• [DATASET EXCERPTS]
[Start of section]
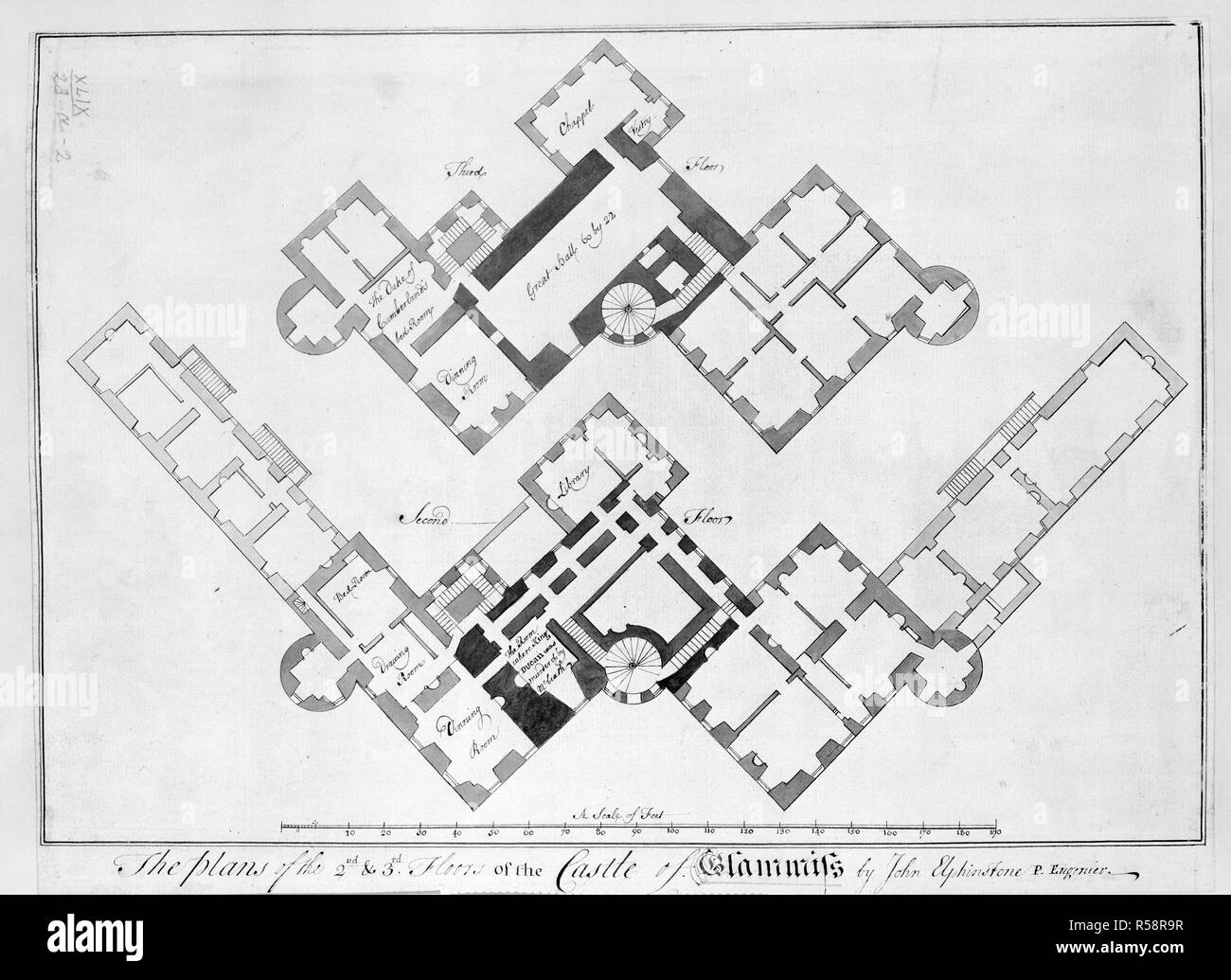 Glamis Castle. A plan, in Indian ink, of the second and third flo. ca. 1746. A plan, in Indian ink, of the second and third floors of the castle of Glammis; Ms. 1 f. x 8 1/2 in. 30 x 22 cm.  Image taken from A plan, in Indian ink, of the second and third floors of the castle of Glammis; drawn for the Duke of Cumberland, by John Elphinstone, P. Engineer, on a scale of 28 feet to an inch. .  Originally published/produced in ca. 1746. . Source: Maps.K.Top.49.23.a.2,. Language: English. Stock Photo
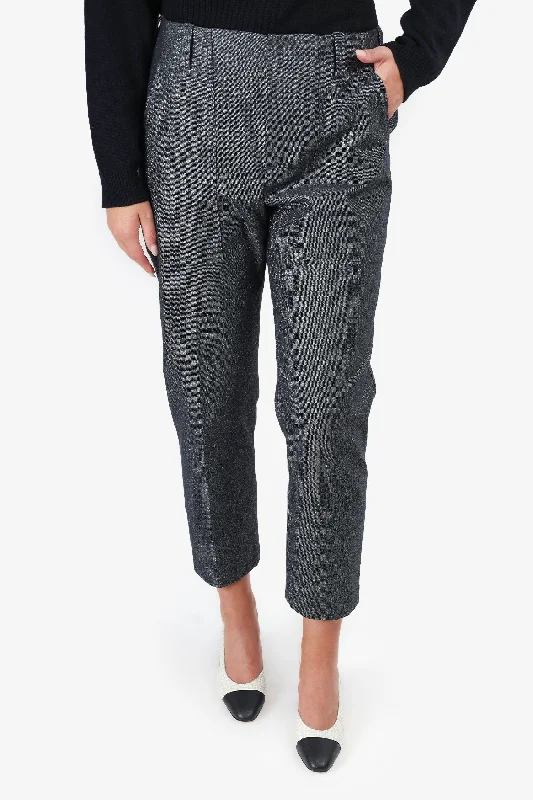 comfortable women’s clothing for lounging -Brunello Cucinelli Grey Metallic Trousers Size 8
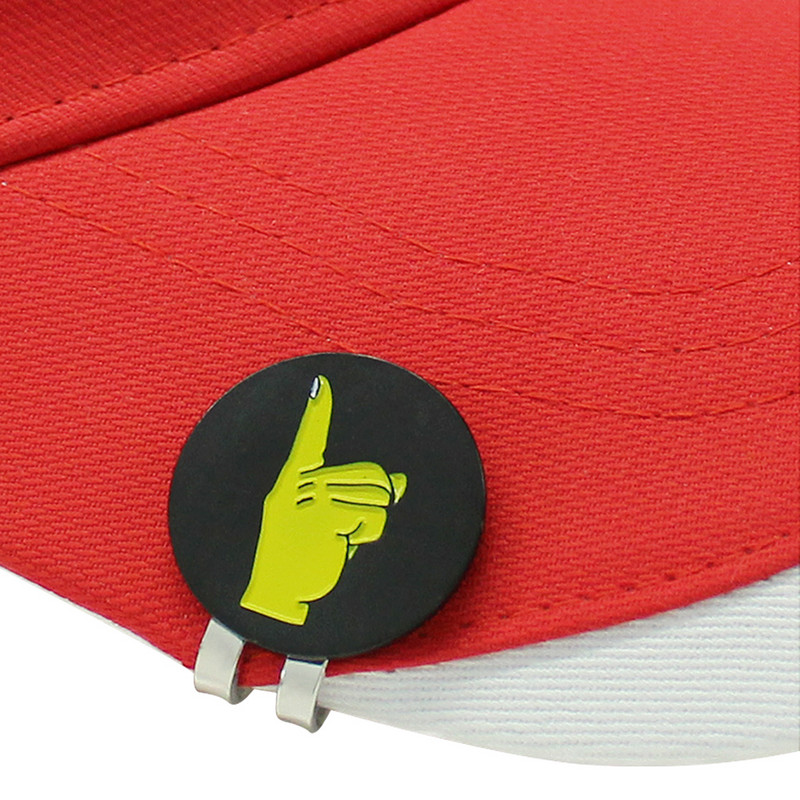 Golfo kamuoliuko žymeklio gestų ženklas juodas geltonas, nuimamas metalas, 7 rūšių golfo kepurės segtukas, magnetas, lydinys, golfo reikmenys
[End of section]
[Start of section]
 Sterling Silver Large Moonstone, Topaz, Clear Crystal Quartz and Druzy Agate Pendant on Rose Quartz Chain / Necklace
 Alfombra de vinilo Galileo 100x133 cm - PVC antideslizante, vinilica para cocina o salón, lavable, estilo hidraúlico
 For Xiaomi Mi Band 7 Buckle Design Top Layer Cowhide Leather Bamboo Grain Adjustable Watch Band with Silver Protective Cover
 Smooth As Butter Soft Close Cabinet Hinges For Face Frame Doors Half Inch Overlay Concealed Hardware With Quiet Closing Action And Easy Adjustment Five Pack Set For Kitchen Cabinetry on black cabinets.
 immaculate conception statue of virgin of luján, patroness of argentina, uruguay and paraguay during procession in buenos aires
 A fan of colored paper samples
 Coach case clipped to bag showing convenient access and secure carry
[End of section]
[Start of section]
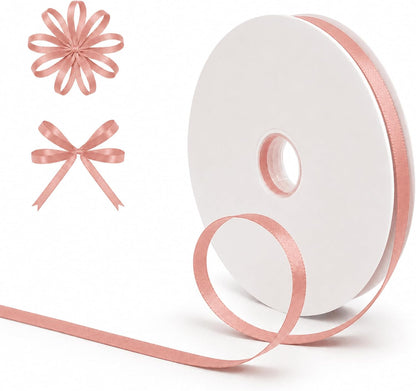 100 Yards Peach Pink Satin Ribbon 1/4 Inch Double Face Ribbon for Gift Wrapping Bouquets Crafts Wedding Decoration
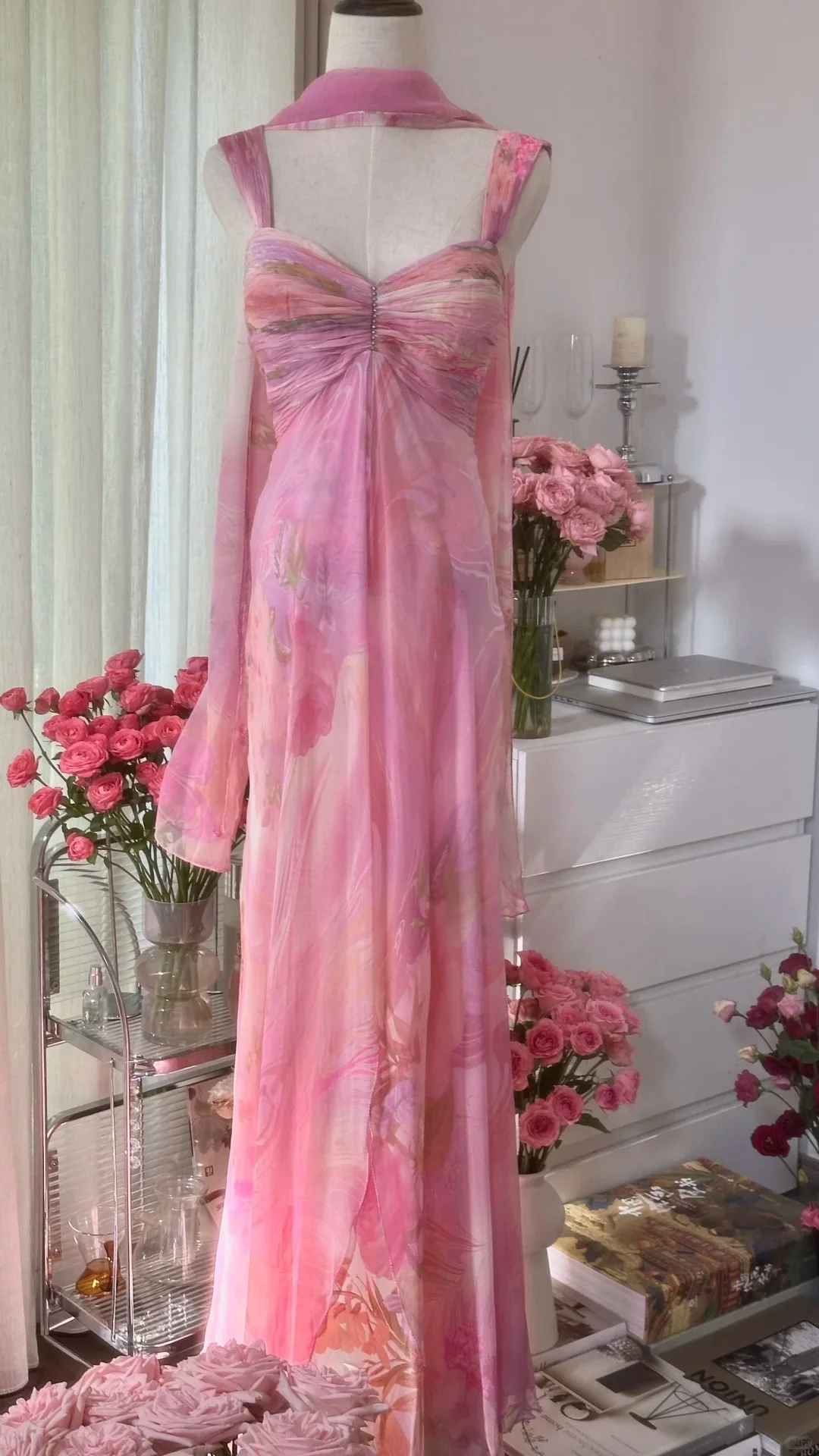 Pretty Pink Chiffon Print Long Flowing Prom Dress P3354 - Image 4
[End of section]
• [YOUR OBJECTIVE]
Return only the count of lines in the listing above that hold the string "Silver".

• [OUTPUT]
2